[Opening Data provided section]

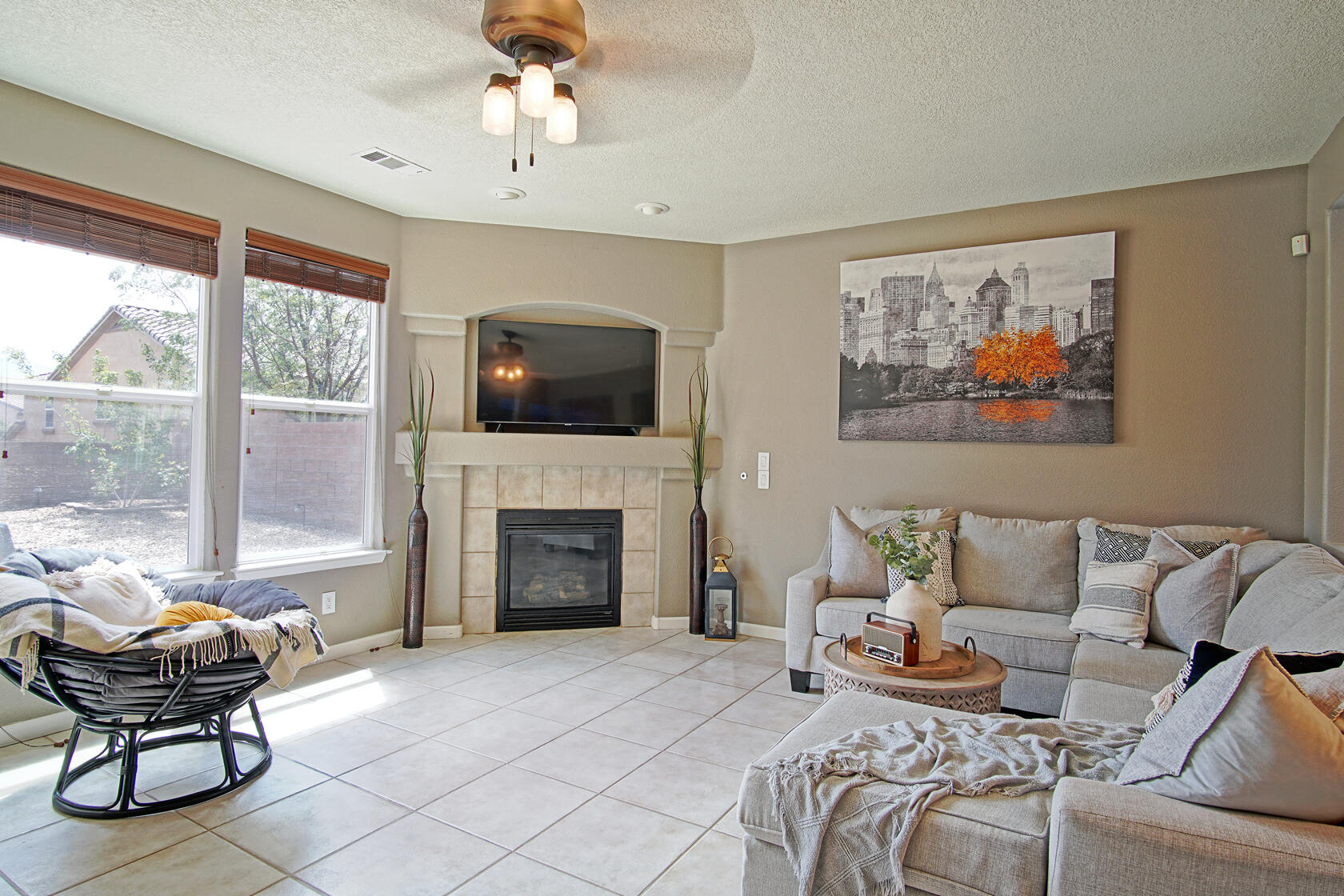 101 Paseo Vista Loop NE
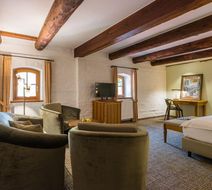 Romantik Hotel Reichshof Room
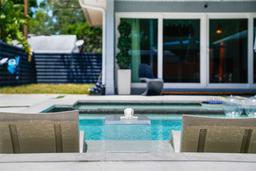 Picture of 222 N Clearview Avenue, Tampa, FL 33609
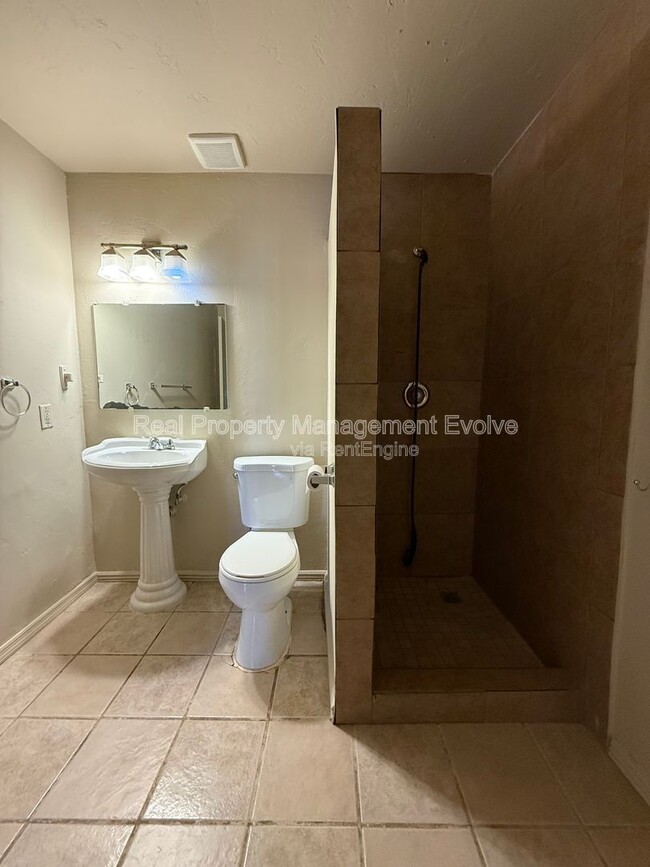 Building Photo - 4717 N 82nd Ave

[Closing Data provided section]

Brief ▸ Give back the whole listing exactly as it stands. No pictures belong in the copy.

Answer for this exercise ▸
 101 Paseo Vista Loop NE
 Romantik Hotel Reichshof Room
 Picture of 222 N Clearview Avenue, Tampa, FL 33609
 Building Photo - 4717 N 82nd Ave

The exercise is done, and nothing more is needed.